Copy the data that follows exactly as it is, excluding all pictures.

* INFORMATION SHOWN *
>>>>
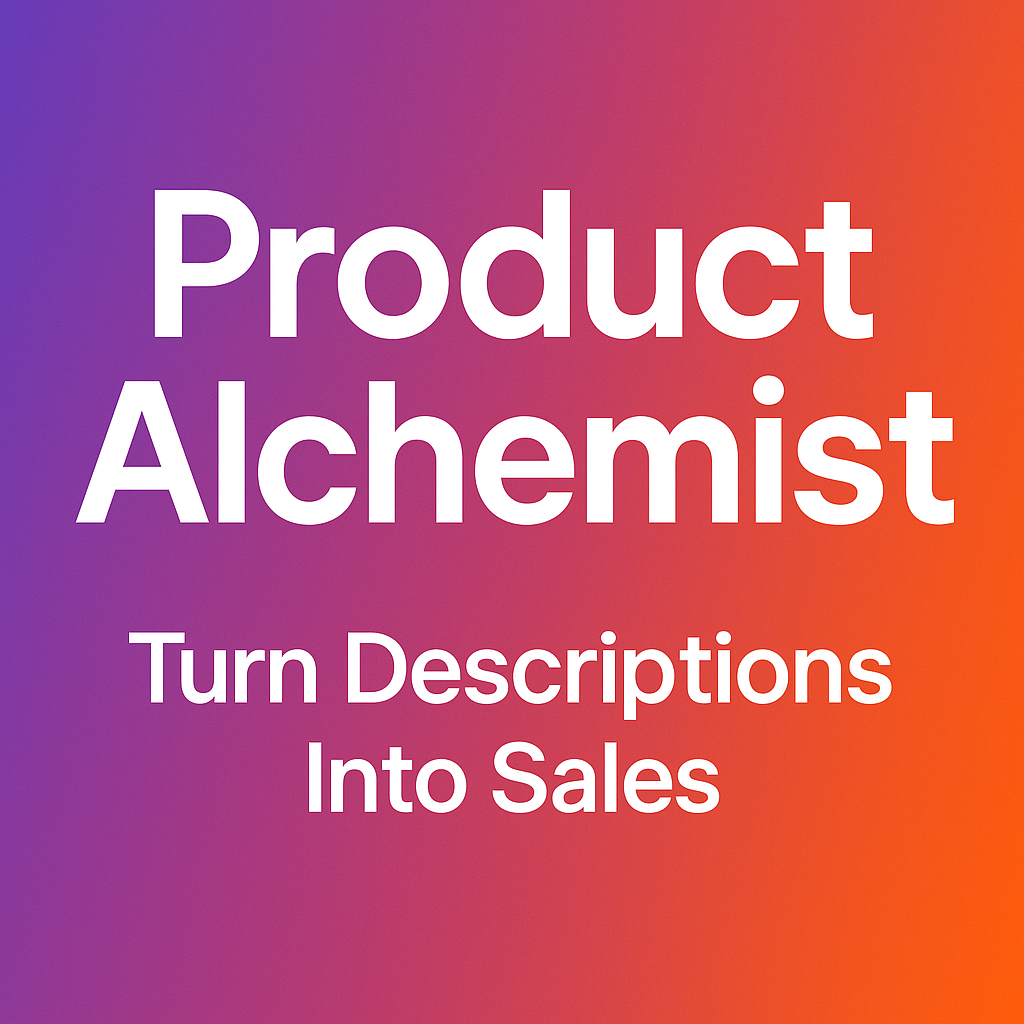 Product Alchemist - Product Hunt launch logo and brand identity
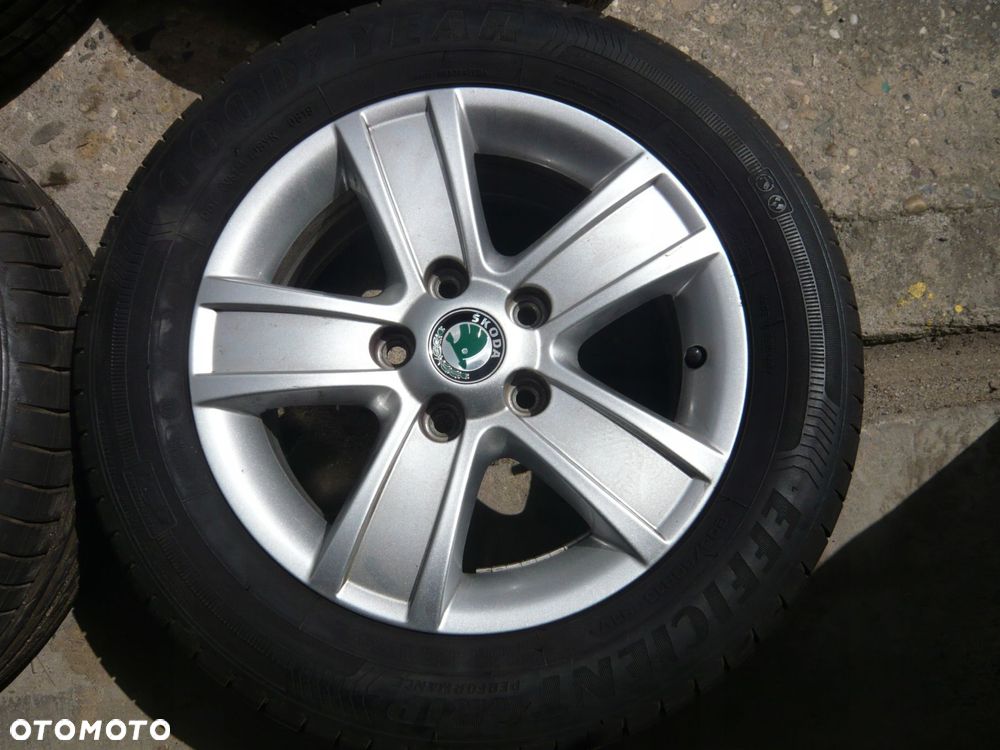 koła aluminiowe 1z0601025s skoda 205/60r15 - 3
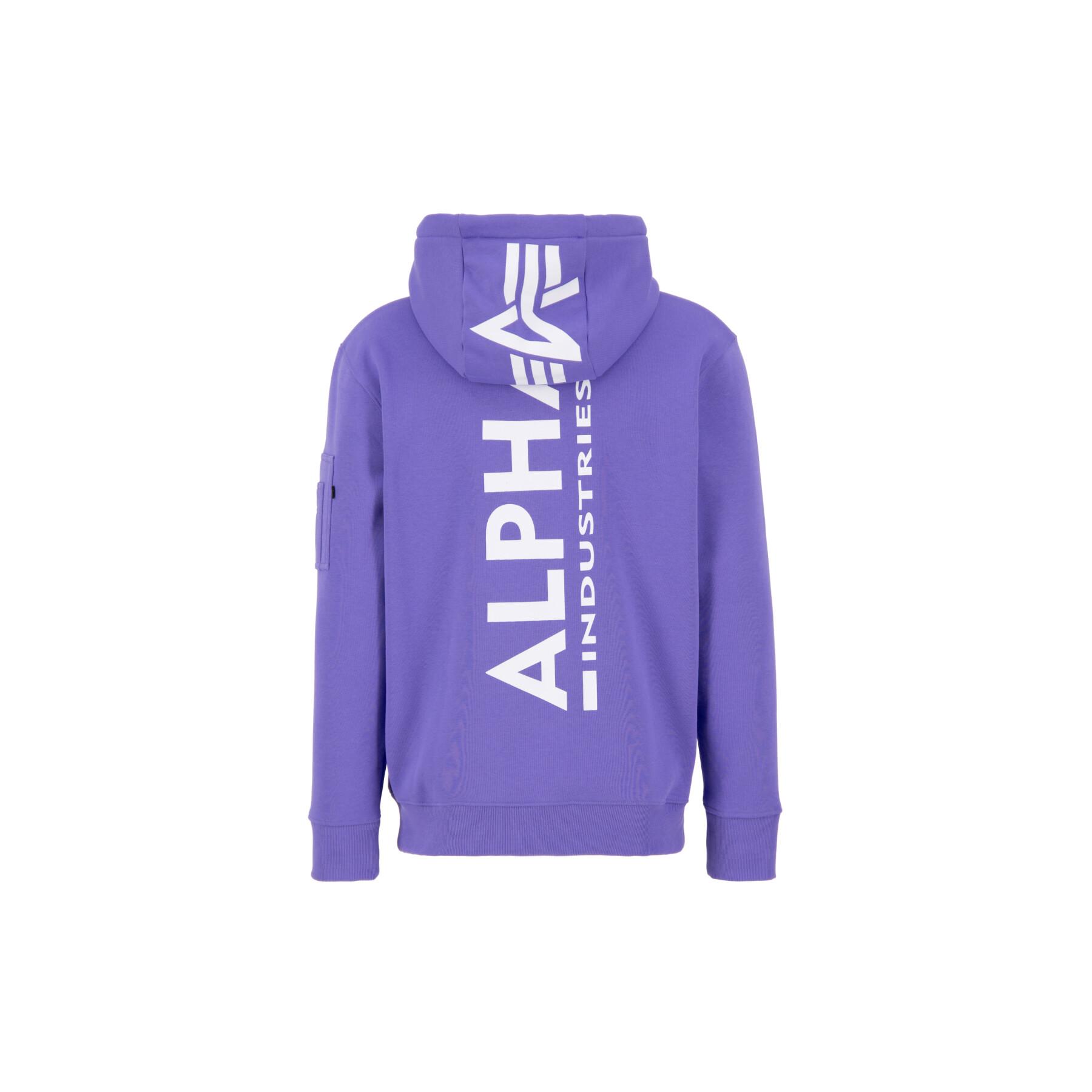 Sweatshirt sudadera con capucha estampada en la espalda Alpha Industries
<<<<
* ANSWER *
 Product Alchemist - Product Hunt launch logo and brand identity
 koła aluminiowe 1z0601025s skoda 205/60r15 - 3
 Sweatshirt sudadera con capucha estampada en la espalda Alpha Industries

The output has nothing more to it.